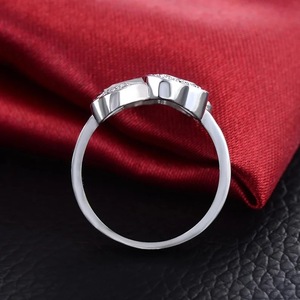 แหวนเพทายรูปหัวใจไมโครเพฟไวท์โกลด์ของขวัญเครื่องประดับแฟชั่นสตรี - Product Image 4
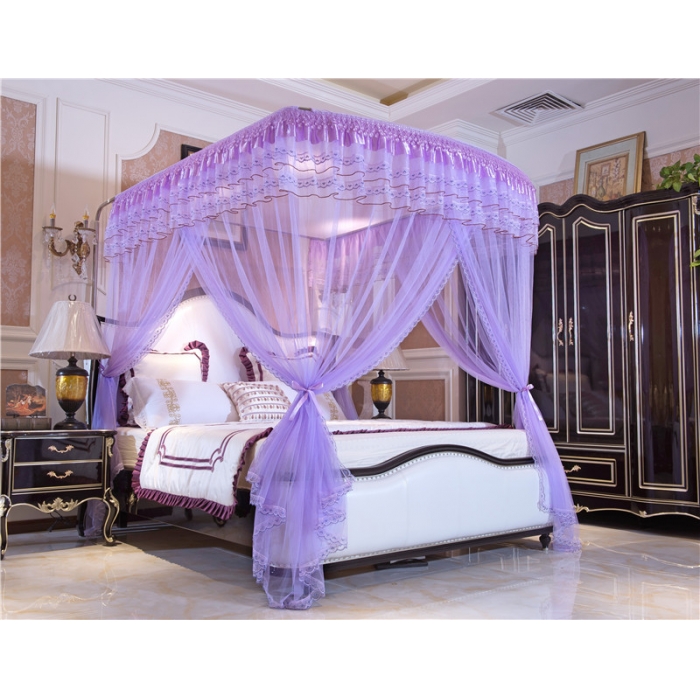 91家纺网 家纺一手货源 找家纺 卓尔居 A12白蝶伸缩U型钓鱼竿宫廷落地蚊帐紫色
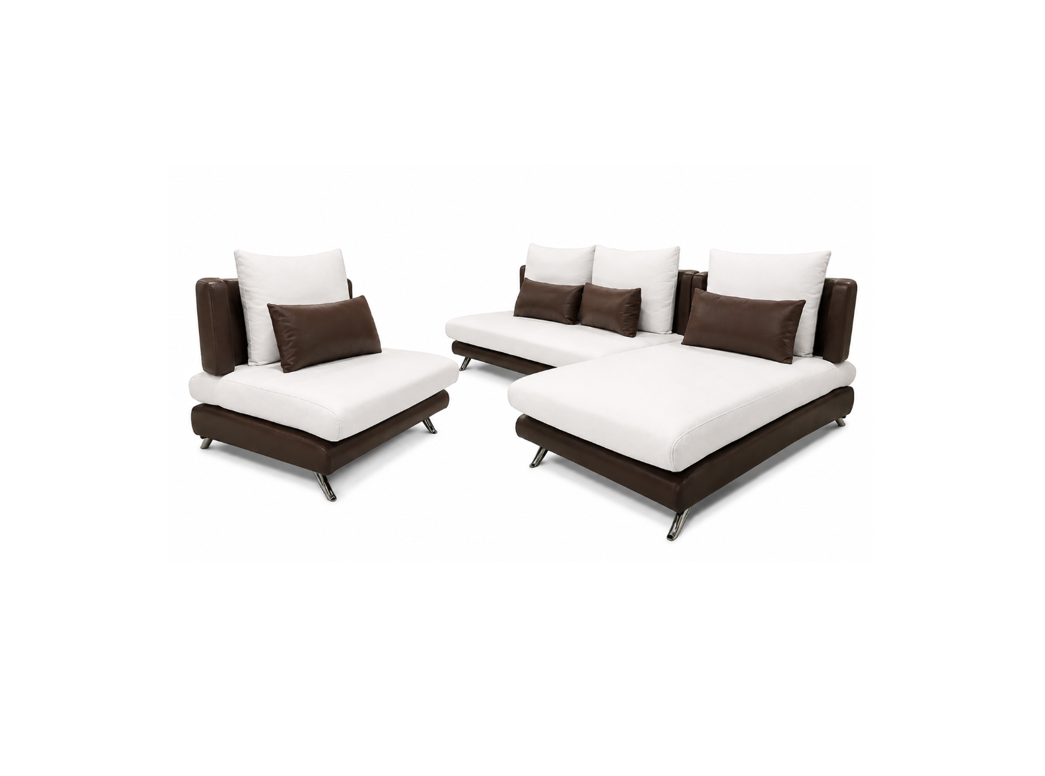 A modern outdoor sectional sofa set consisting of a chaise lounge and two matching armchairs, upholstered in white fabric with dark brown leather-like side panels and matching brown accent pillows, shown on a plain white background.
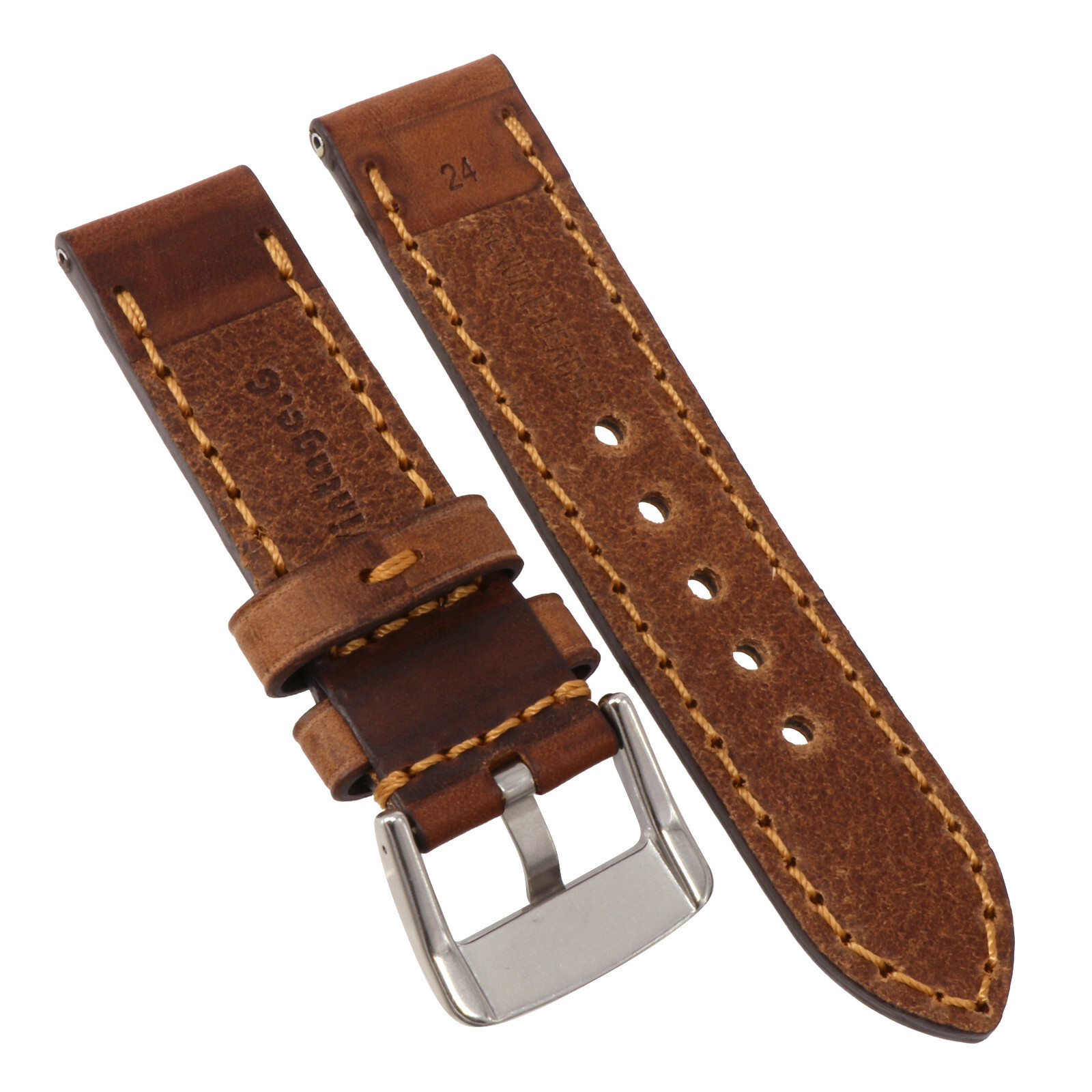 New 26mm NEW COW Leather Strap Brown Watch Band for fits PANERAI Copper Tang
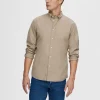 Skjorter>SELECTED SLIM FIT BOMULD SKJORTE Brown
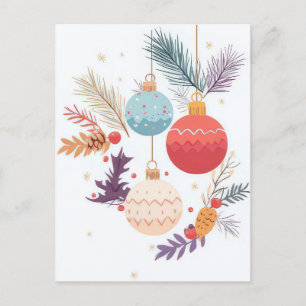 Carte postale de voeux de Noël festive et élégante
──────────────────────────────
> _Task to carry out_:
Leave the pictures aside and transcribe only the lines from the one holding "New 26mm NEW" through the final line of the records above.

> _Answer to the exercise_:
 New 26mm NEW COW Leather Strap Brown Watch Band for fits PANERAI Copper Tang
 Skjorter>SELECTED SLIM FIT BOMULD SKJORTE Brown
 Carte postale de voeux de Noël festive et élégante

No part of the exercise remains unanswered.